TASK ITEM: Once the line with "1637 Hastings Drive" is found in the data, output it and each following line exactly, up to and including the line with "Chris Martin Selecciona", and nothing before or after.

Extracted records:

• • •

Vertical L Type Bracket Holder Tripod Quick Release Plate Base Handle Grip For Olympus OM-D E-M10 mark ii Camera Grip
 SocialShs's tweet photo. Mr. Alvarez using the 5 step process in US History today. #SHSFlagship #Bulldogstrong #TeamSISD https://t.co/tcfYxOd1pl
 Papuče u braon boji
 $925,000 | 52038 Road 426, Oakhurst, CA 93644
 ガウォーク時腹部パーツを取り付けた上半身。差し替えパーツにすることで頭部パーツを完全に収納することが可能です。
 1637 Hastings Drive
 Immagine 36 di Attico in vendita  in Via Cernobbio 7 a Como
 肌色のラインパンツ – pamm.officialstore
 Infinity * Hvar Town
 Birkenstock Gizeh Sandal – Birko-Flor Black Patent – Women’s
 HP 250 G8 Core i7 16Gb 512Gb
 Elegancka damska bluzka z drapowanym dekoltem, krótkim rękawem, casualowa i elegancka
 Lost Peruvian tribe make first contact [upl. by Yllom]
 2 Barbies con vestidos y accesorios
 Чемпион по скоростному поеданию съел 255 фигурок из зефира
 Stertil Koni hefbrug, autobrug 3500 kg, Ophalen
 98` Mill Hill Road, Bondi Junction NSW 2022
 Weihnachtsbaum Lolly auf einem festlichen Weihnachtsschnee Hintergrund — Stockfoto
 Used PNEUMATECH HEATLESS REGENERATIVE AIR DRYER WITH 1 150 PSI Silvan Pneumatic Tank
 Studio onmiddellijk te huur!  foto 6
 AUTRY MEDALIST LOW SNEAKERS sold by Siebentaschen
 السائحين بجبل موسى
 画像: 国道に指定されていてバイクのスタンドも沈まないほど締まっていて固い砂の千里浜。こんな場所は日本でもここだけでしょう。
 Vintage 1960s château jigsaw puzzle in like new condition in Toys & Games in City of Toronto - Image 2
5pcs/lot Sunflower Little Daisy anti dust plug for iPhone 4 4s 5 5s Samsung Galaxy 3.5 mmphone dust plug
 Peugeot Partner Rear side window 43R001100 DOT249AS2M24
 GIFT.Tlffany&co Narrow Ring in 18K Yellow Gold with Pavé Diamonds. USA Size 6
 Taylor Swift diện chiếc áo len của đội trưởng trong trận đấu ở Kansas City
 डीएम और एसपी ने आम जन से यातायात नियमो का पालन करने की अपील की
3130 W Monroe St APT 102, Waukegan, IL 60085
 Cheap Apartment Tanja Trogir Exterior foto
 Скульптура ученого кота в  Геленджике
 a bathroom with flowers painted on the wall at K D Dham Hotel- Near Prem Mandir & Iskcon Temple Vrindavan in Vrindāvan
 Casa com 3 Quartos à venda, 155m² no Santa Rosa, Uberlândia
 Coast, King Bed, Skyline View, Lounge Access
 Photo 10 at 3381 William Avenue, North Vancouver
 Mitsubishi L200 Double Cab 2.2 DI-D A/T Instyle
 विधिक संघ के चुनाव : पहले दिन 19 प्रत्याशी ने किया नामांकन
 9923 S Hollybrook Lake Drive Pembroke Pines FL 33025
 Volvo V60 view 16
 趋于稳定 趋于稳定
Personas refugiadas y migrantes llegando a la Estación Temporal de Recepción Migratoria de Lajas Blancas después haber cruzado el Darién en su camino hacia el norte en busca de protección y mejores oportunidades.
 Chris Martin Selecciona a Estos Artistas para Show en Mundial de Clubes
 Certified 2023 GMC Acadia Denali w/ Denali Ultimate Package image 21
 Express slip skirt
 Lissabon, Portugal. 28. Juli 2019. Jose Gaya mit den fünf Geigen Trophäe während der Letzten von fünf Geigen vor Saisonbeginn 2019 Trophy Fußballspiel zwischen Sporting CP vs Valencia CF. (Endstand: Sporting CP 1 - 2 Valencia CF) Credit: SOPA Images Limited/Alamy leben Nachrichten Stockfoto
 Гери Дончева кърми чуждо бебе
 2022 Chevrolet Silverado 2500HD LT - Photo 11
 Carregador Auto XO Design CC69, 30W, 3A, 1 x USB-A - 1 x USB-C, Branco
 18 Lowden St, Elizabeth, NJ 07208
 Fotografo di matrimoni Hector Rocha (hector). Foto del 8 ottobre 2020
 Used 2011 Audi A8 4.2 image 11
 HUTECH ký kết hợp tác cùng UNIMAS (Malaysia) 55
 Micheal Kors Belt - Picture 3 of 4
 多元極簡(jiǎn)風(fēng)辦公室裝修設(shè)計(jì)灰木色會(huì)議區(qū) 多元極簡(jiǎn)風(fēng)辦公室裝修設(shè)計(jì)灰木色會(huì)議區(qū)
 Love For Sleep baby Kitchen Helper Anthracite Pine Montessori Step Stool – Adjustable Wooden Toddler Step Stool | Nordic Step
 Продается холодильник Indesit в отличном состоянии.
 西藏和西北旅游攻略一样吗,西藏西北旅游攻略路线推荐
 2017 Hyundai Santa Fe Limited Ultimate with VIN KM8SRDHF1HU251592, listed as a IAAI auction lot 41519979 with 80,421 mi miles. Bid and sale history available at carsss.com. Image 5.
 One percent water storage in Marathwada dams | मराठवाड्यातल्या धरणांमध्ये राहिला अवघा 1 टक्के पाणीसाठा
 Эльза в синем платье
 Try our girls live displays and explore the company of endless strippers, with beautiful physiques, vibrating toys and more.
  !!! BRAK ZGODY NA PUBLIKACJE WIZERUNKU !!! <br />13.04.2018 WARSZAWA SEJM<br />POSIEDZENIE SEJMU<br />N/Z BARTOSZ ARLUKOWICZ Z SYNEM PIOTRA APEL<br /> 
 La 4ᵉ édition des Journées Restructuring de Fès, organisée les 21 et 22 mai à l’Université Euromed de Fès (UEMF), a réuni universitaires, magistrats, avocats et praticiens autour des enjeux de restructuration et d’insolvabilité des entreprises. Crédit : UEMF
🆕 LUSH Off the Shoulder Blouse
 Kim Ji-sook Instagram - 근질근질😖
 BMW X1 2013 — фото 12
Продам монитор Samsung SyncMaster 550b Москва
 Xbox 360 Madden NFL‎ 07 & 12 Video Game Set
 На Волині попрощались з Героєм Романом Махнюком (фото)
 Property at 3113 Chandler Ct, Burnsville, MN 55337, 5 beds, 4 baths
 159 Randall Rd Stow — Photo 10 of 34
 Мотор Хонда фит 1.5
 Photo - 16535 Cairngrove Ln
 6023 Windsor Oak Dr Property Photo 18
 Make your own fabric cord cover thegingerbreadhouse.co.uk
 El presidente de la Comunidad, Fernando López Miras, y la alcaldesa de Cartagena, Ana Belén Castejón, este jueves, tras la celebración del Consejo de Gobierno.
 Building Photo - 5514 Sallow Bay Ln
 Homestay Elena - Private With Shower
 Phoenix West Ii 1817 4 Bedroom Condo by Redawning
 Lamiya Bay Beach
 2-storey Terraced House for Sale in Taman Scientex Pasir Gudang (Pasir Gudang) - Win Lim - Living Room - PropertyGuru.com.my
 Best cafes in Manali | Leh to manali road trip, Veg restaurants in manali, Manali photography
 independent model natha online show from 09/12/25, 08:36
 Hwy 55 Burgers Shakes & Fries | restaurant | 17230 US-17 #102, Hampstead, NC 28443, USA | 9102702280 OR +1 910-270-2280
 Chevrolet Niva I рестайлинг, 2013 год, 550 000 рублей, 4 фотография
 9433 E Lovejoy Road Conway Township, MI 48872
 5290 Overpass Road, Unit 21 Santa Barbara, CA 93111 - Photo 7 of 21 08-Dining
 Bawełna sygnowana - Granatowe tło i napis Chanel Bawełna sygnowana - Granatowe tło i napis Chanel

• • •

WRITTEN RESPONSE:
 1637 Hastings Drive
 Immagine 36 di Attico in vendita  in Via Cernobbio 7 a Como
 肌色のラインパンツ – pamm.officialstore
 Infinity * Hvar Town
 Birkenstock Gizeh Sandal – Birko-Flor Black Patent – Women’s
 HP 250 G8 Core i7 16Gb 512Gb
 Elegancka damska bluzka z drapowanym dekoltem, krótkim rękawem, casualowa i elegancka
 Lost Peruvian tribe make first contact [upl. by Yllom]
 2 Barbies con vestidos y accesorios
 Чемпион по скоростному поеданию съел 255 фигурок из зефира
 Stertil Koni hefbrug, autobrug 3500 kg, Ophalen
 98` Mill Hill Road, Bondi Junction NSW 2022
 Weihnachtsbaum Lolly auf einem festlichen Weihnachtsschnee Hintergrund — Stockfoto
 Used PNEUMATECH HEATLESS REGENERATIVE AIR DRYER WITH 1 150 PSI Silvan Pneumatic Tank
 Studio onmiddellijk te huur!  foto 6
 AUTRY MEDALIST LOW SNEAKERS sold by Siebentaschen
 السائحين بجبل موسى
 画像: 国道に指定されていてバイクのスタンドも沈まないほど締まっていて固い砂の千里浜。こんな場所は日本でもここだけでしょう。
 Vintage 1960s château jigsaw puzzle in like new condition in Toys & Games in City of Toronto - Image 2
5pcs/lot Sunflower Little Daisy anti dust plug for iPhone 4 4s 5 5s Samsung Galaxy 3.5 mmphone dust plug
 Peugeot Partner Rear side window 43R001100 DOT249AS2M24
 GIFT.Tlffany&co Narrow Ring in 18K Yellow Gold with Pavé Diamonds. USA Size 6
 Taylor Swift diện chiếc áo len của đội trưởng trong trận đấu ở Kansas City
 डीएम और एसपी ने आम जन से यातायात नियमो का पालन करने की अपील की
3130 W Monroe St APT 102, Waukegan, IL 60085
 Cheap Apartment Tanja Trogir Exterior foto
 Скульптура ученого кота в  Геленджике
 a bathroom with flowers painted on the wall at K D Dham Hotel- Near Prem Mandir & Iskcon Temple Vrindavan in Vrindāvan
 Casa com 3 Quartos à venda, 155m² no Santa Rosa, Uberlândia
 Coast, King Bed, Skyline View, Lounge Access
 Photo 10 at 3381 William Avenue, North Vancouver
 Mitsubishi L200 Double Cab 2.2 DI-D A/T Instyle
 विधिक संघ के चुनाव : पहले दिन 19 प्रत्याशी ने किया नामांकन
 9923 S Hollybrook Lake Drive Pembroke Pines FL 33025
 Volvo V60 view 16
 趋于稳定 趋于稳定
Personas refugiadas y migrantes llegando a la Estación Temporal de Recepción Migratoria de Lajas Blancas después haber cruzado el Darién en su camino hacia el norte en busca de protección y mejores oportunidades.
 Chris Martin Selecciona a Estos Artistas para Show en Mundial de Clubes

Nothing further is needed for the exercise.